START Supplied material

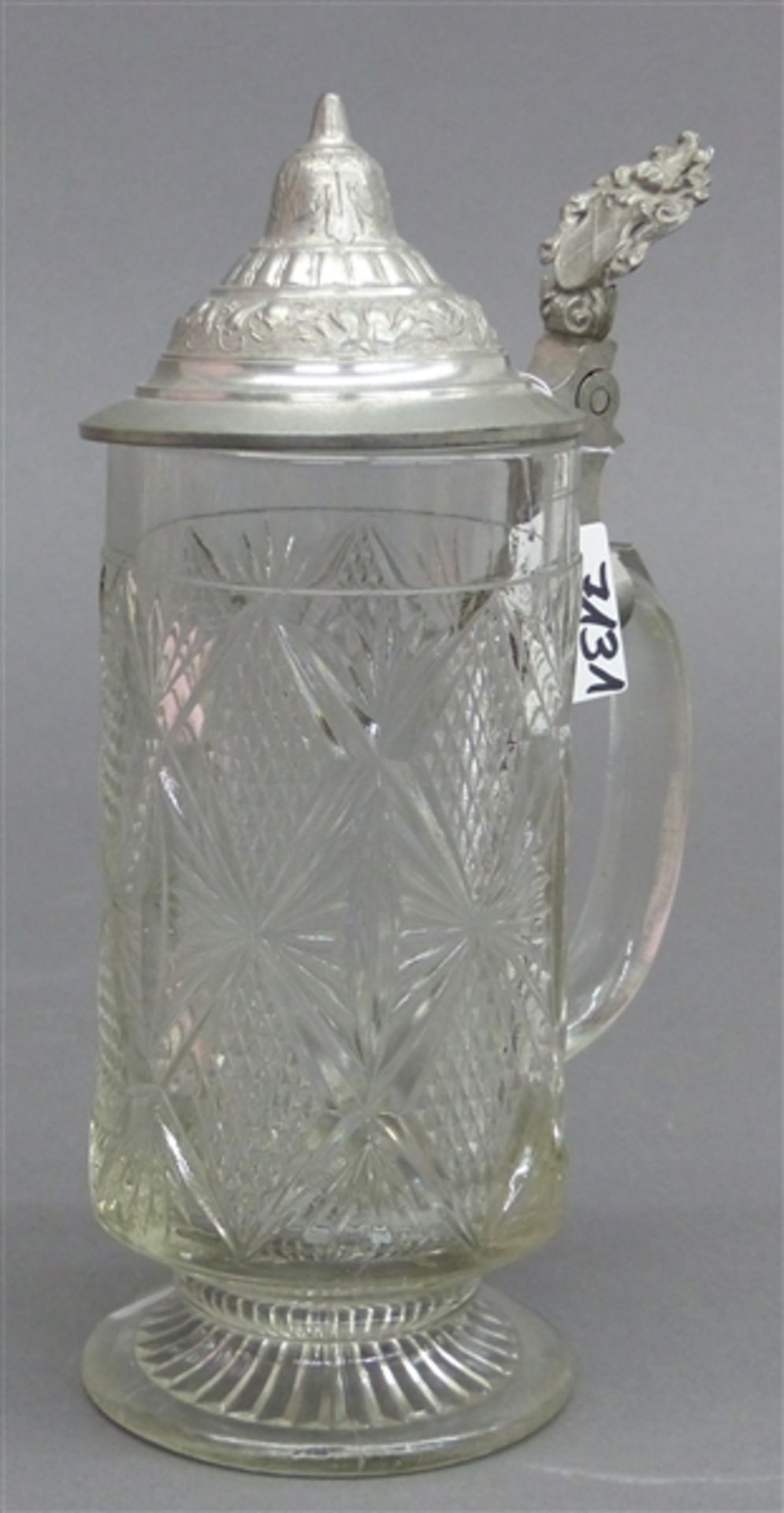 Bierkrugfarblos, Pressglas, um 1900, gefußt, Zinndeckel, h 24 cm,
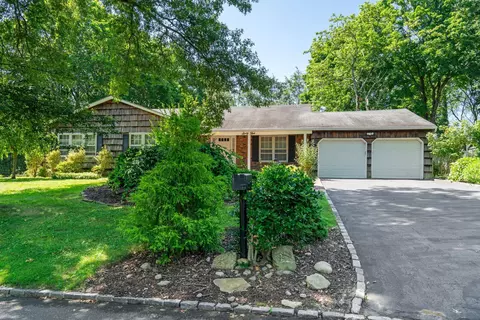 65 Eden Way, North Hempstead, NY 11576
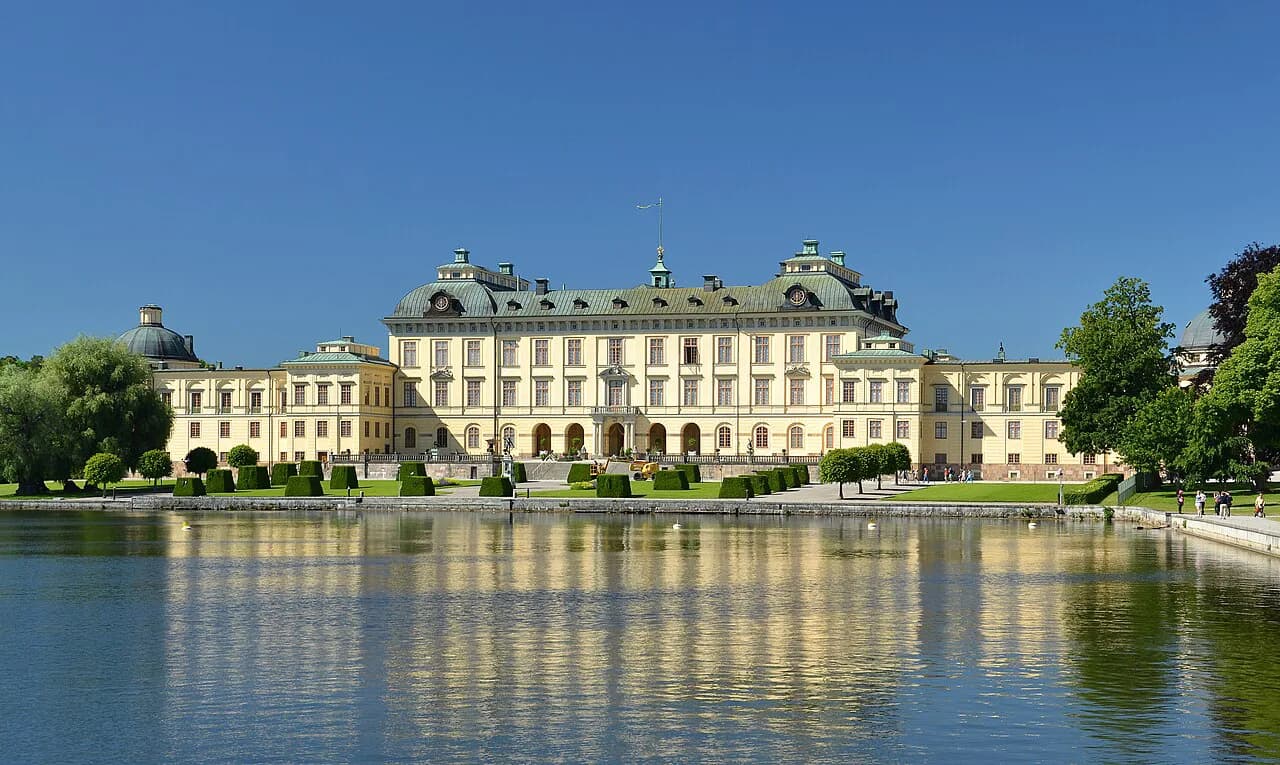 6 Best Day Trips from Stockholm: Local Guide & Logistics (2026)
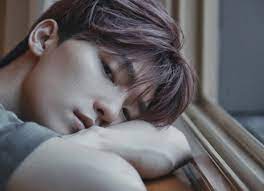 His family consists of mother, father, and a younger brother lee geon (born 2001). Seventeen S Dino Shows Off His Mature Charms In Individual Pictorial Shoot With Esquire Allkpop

END Supplied material

#### [Your task]
Omit the pictures and write out exactly the lines from the one containing "65 Eden Way, North Hempstead, NY 11576" through the last line of the material.

#### [Answer below]
 65 Eden Way, North Hempstead, NY 11576
 6 Best Day Trips from Stockholm: Local Guide & Logistics (2026)
 His family consists of mother, father, and a younger brother lee geon (born 2001). Seventeen S Dino Shows Off His Mature Charms In Individual Pictorial Shoot With Esquire Allkpop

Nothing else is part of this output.